Our day visiting Bangkok did not start all that well - it has been hotter on this trip than we expected or would have liked - 34C and VERY high humidity was forecast for Bangkok, which I thought was a bit strange because although we are close to the Equator, we are on the Winter side of it and we had thought that it would have toned the temperature down a little. There were 50 large Motor Coaches waiting to take us into Bangkok when we berthed at 7AM. The 99 klm road up the highway from the port for Bangkok (Laem Chabang) was much superior to that in Vietnam - but actually not as interesting. The entry into the outskirts of Bangkok revealed a very modern city with many huge "flyovers" - and nothing scenic at all. Our first stop was at the Temple of the famous "Golden Buddha". This was quite interesting as we had never seen 5 tons of pure gold in one place before - much less as a wonderful statue/work of art in a huge Temple. But it was very busy (Is it tourist season now??) and the temperature and humidity had increased to ridiculous levels. This was all very interesting - but Bangkok itself was not looking all that appealing.

Then we arrived at the Grand Palace - well actually we arrived at a place to see the famous "Emerald" Buddha, which is essentially the most important religious place in Thailand - and discovered that the Buddha was to be ceremonially dressed for winter by the Crown Prince of Thailand later in the day. This was an amazing complex - and I came to understand that we were actually inside the Grand Palace. After about an hour of looking around and trying to photograph, we came to realize that we had not even entered the Grand Palace yet - that was to come!!

These cruise ship shore tours leave a bit to be desired for a number of reasons, one of which is because you don't get much time for sightseeing - the trip into Bangkok from the port was 60 minutes and another 90 to return. But in spite of that, and in spite of the heat/humidity, this was a marvelous day - and we think that we would definitely like to come back to Thailand (but in cooler weather if possible, and in a less touristy time if possible). From the fleeting glimpses we had of the river and Chinatown, there is obviously a lot to do here - tomorrow we go to a beach resort island of Ko Samui, which is another side to the Thailand experience.

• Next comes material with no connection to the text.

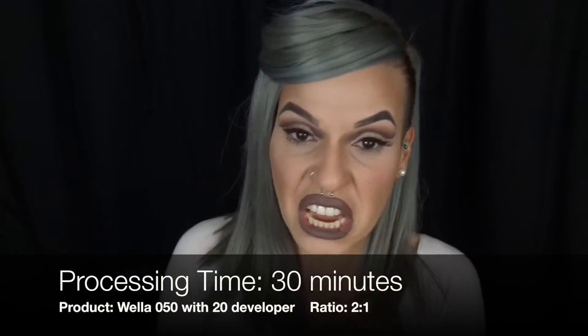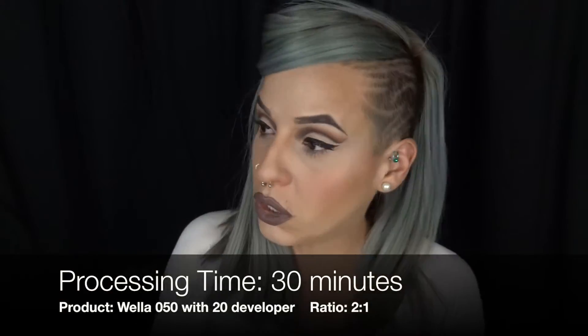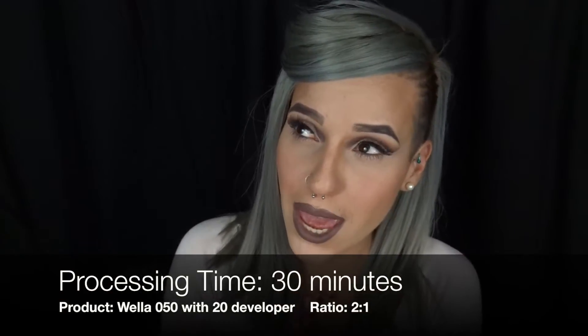What I ended up doing was the 050, and I did the full bottle 050 to 1 ratio. And this is the final look — it did end up taking.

By the way, we had another great lunch in a 5 Star hotel - but we are discovering that these hotels and the ship itself is catering to a "non spicy, bland western taste". Here we are in Bangkok, and we had no Thai food at all - only western food (very nice western food, but not what we were looking forward to. Even the so-called "famous" P&O UK curries onboard are proving to be a disappointment.

You can view a Youtube video about our visit to Bangkok here

Sunday, November 21, 2010

Motorcycles and Ho Chi Minh City

Yesterday we saw a few motorcycles. More exactly we saw a few million of them! Apparently Ho Chi Minh City has approximately 6 million people and 4 million motorcycles - I think that we saw most of them during the day!

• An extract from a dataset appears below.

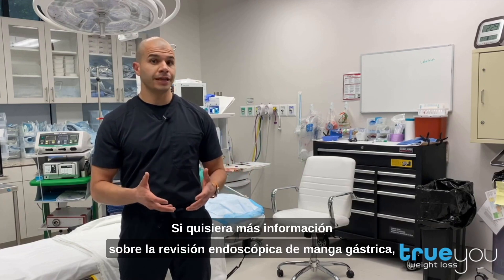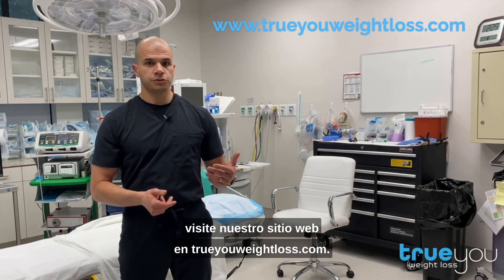If you'd like more information about endoscopic sleeve revision, visit our website at trueyouweightloss.com.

I am not sure where to start or finish any report of our visit to Ho Chi Minh City (or Saigon as the locals still call it). It was all rather mind-boggling and by the time we got back to the ship, we were very tired. Not that it was really all that strenuous - we travelled in a comfortable air-conditioned coach and had lunch in a 5-Star hotel, so it think it was all the head swiveling that wore us out. The day started for us at 4.30 AM before Dawn. The day before in the South China Sea had been very wet with the North-East Monsoon bucketing it down onto the ship, so we were pleased to find early in the morning that it was fine and clear. We rose early to see the entrance into the bay and river leading to Saigon. But, the excitement started almost immediately for us. As we went up the river, heavy fog closed in - until we had a visibility of only about 50 metres. With lots of small boat traffic around even at that time, the Captain blew the ship's fog horn all the way until we docked at Phu My. We were met by about 50 Coaches, ready to take passengers on shore tours. Most went on an official ship's
shore tour here - because all were aware that there is absolutely nothing at Phu My except the dock.
I don't think I can describe the drive from Phu My to Saigon. It is the main highway between Vung Tau and Saigon - and to be fair, there were a lot of incomplete roadworks which when eventually completed will vastly improve the road. Anyway, with the roadworks and heavy traffic, the journey to and from Saigon is 99 klms and took us 2 hours in the morning and 3 hours to return later in the day. It didn't matter much to us because we were comfortable and enjoyed looking at the "sights" along the road. The traffic in Saigon is literally mind boggling. We had thought that our previous experience of bicycle traffic in Beijing was eye opening enough - but it is tame compared to the motorcycles of Saigon. We had been told that to cross the road, you simply walk off the footpath and the cyclists will avoid you - but we weren't prepared to follow that advice. We stuck very close to the tour guide. We saw the usual "touristy" things - so I won't bore you with details. We enjoyed a performance of a traditional Water Puppet Theatre - and had lunch in Saigon's only 5-star hotel, the Majestic. Probably, the highlight of the day for us was our young, intelligent and amusing tour guide. For those who have done tours before, he was not your usual tour guide. All things considered, we came away with a reasonably good feel for what Ho Chi Minh City/Saigon is all about. We retired early last night, so we are looking forward to hearing other passenger's experiences today.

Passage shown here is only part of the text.